_Short descriptive text snippets_
--
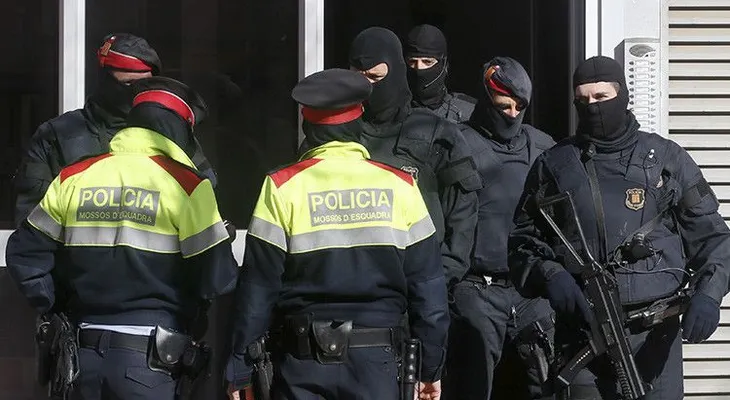 La Policía le salva la vida y ella denuncia a los agentes por no asistir a su agresor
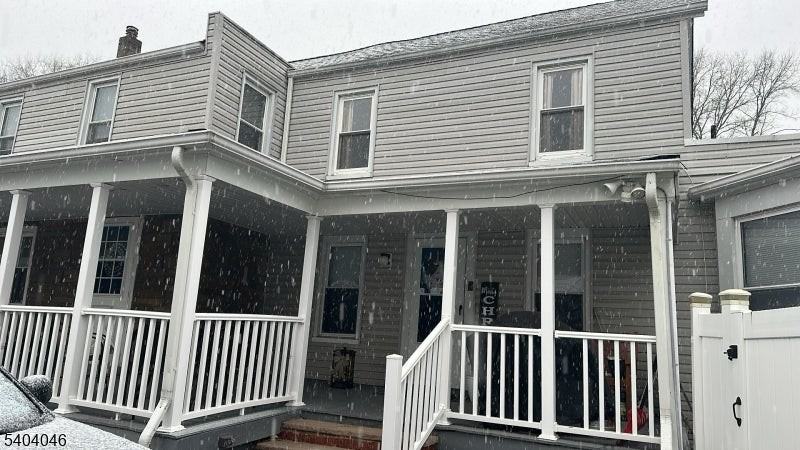 1853 Barnett St - Photo 4 of 6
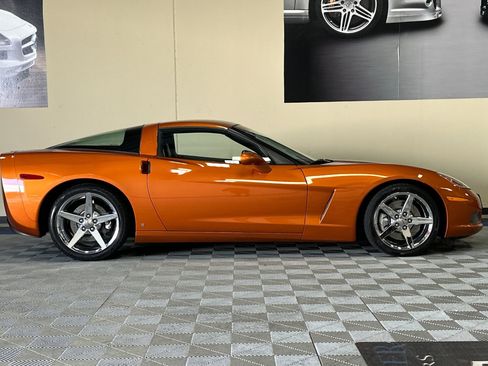 Used 2008 Chevrolet Corvette Coupe w/ Preferred Equipment Group RWD image 3
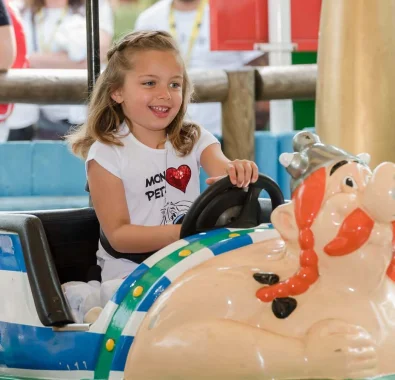 Les petits chars tamponneurs Parc Astérix
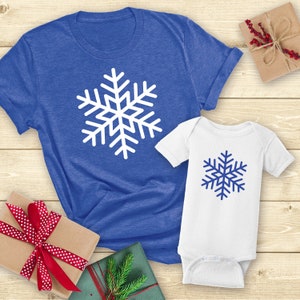 Mama Snowflake Shirt, Little Snowflake Shirt, Mommy and Me Shirts, Matching Family Outfits, Matching Shirts, Mom Baby Set, Christmas Shirts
--
_Your objective_
Drop every image, please, and write out the data above exactly as shown.

_Task result_
 La Policía le salva la vida y ella denuncia a los agentes por no asistir a su agresor
 1853 Barnett St - Photo 4 of 6
 Used 2008 Chevrolet Corvette Coupe w/ Preferred Equipment Group RWD image 3
 Les petits chars tamponneurs Parc Astérix
 Mama Snowflake Shirt, Little Snowflake Shirt, Mommy and Me Shirts, Matching Family Outfits, Matching Shirts, Mom Baby Set, Christmas Shirts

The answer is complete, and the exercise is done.